Ridgewood is a suburb of Uckfield in South East England.

Ridgewood is a village on the south of the Town of Uckfield in the South East of England. It is inland between the seaside towns of Eastbourne (20 miles) and Brighton (17 miles) and approximately 6 miles from the Ashdown Forest. The village which has the Uckfield Millennium Green; an area of 22 acres of countryside with an all-weather tree-lined path. The area used to provide the clay for the adjacent Sussex Pottery works, owned by Benjamin Wares which operated until 1970 producing bricks, tiles and other terracotta products. The history of the brickworks is commemorated in the names of the nearby Wares Road and The Potteries. Walking around the Uckfield Millennium Green a deep quarry can still be seen where clay was dug in the 20th century and brought by narrow gauge train up to the brickworks in what is now the Ridgewood Factory Estate.

In 2016, the population was 3680 making up approximately 24% of the Uckfield population of 15157.

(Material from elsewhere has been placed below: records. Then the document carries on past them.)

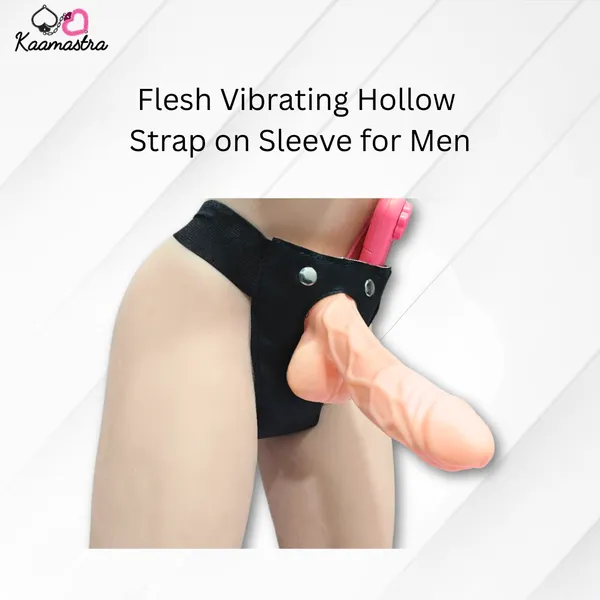 Kaamastra_Flesh_Vibrating_Hollow_Strap_On_Sleeve_For_Men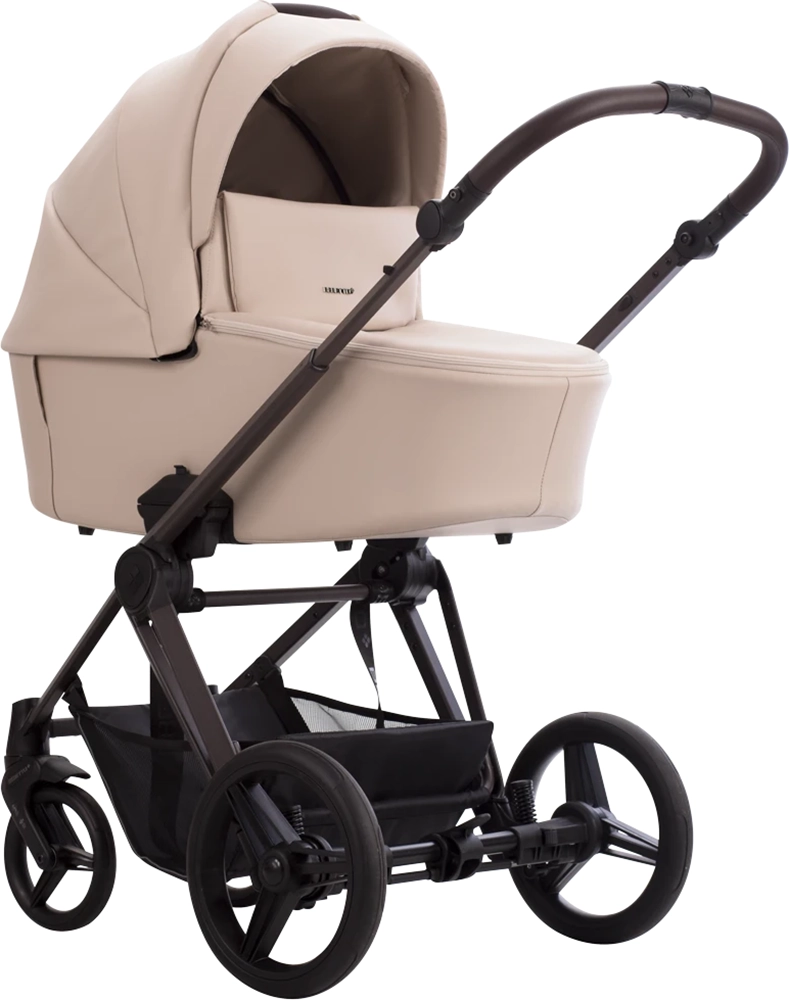 Коляска 2 в 1 Bebetto Nuvio PRO  02 Brown (капучино)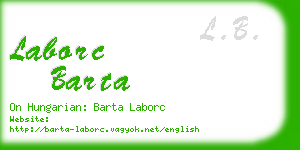 laborc barta business card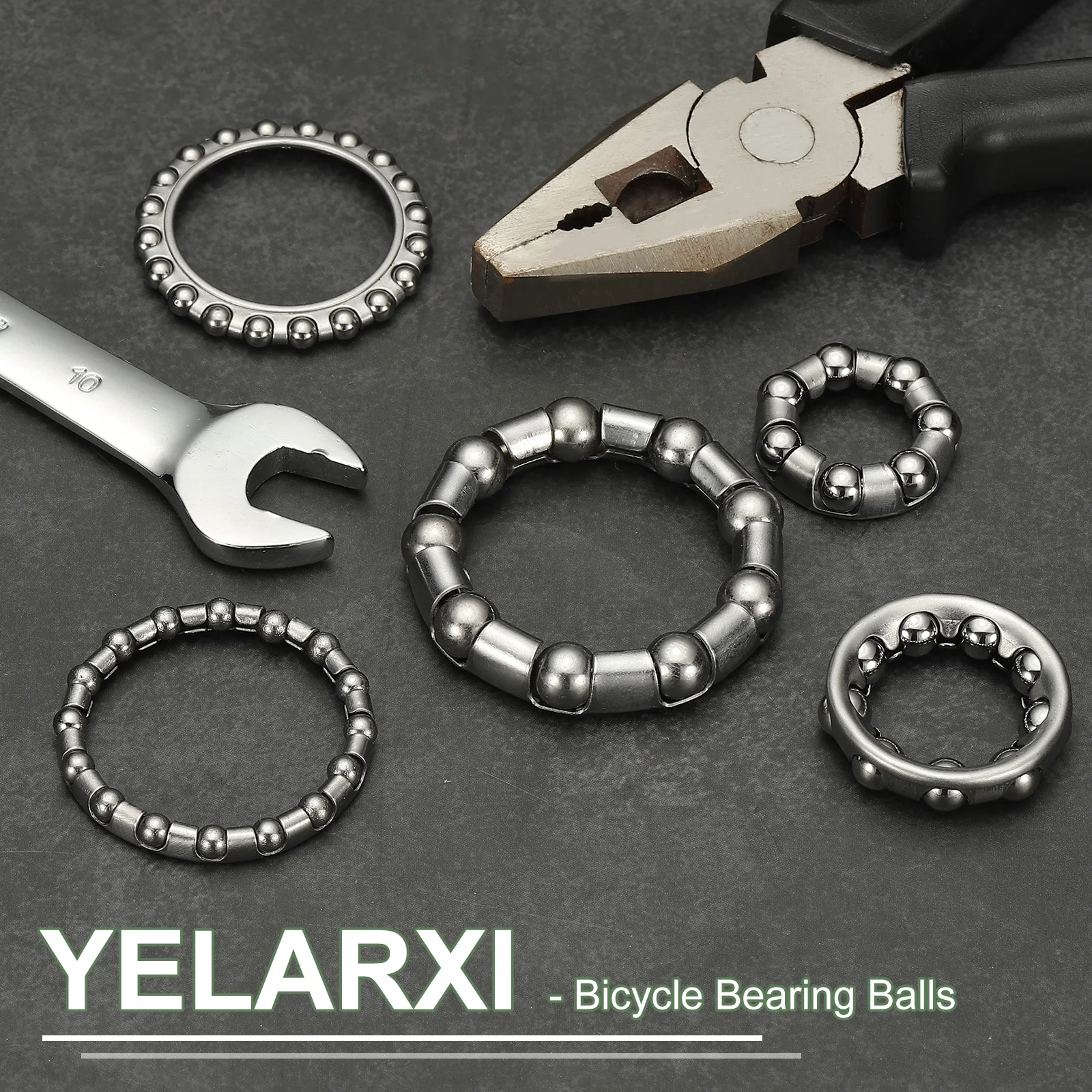 6 قطعة كرة الدراجة كرنك تحمل محامل الدراجة الفولاذ المقاوم للصدأ استبدال أجزاء الدراجة إصلاح الملحقات للدراجة الأمامية الخلفية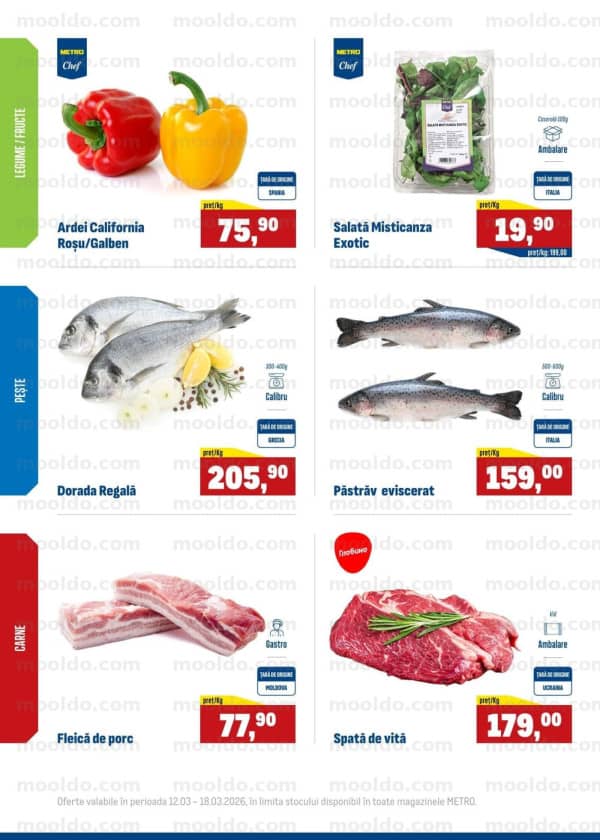 Cataloage Produse proaspete METRO (Nr. 11) - 12-03-2026 - 18-03-2026.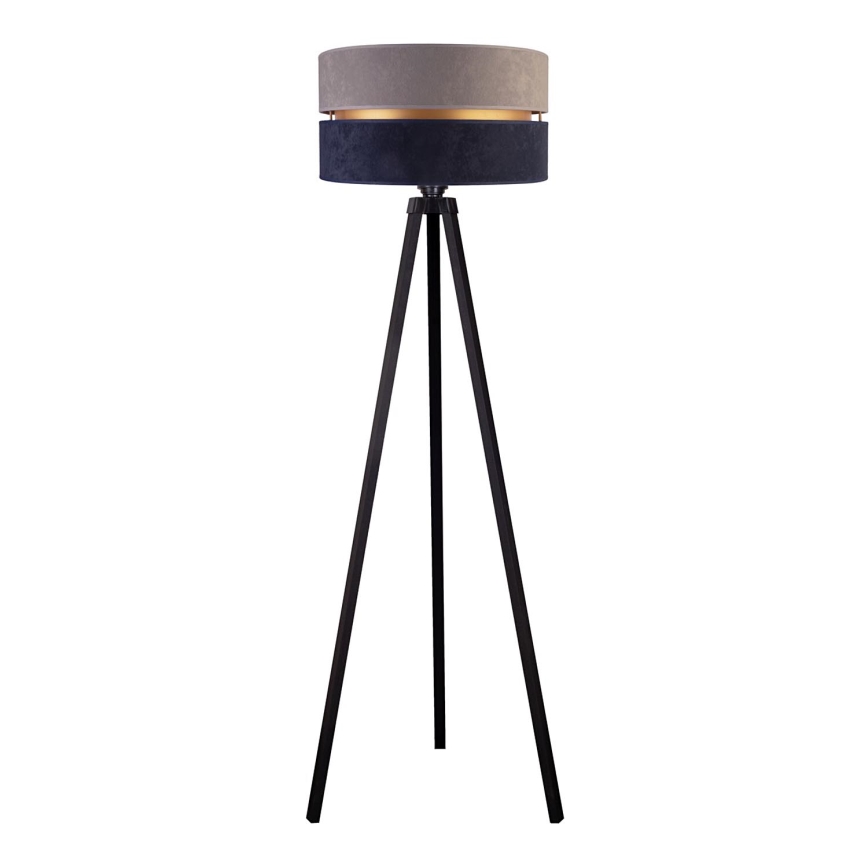 Duolla - Stehleuchte DUO 1xE27/60W/230V d 44 cm grau/blau/Wenge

Ridgewood is not a parish as it has no church but is a voting ward. It has one nursing home, (Copper Beech house (Bupa), It has two care centres for the disabled - The New Inn and Copper Beech Nursing Home. It has a Post Office (with adjoining shop) and two bus routes passing through it to Eastbourne via Hailsham and Brighton via Lewes to the south, and Uckfield, Crowborough and Tunbridge Wells to the North. There is one pub in the village - The Brickmakers Arms, and the Ridgewood Village Hall  which is used by community groups for events as well as polling. Adjacent to the hall is the recreation ground which is a green space adjoined by the Millennium Green, a children's play area and local allotments. The recreation ground and Village hall play host to Christmas and Summer fayres, a November firework display, Easter Bunny Hunts, Quiz nights, and Bingo afternoons.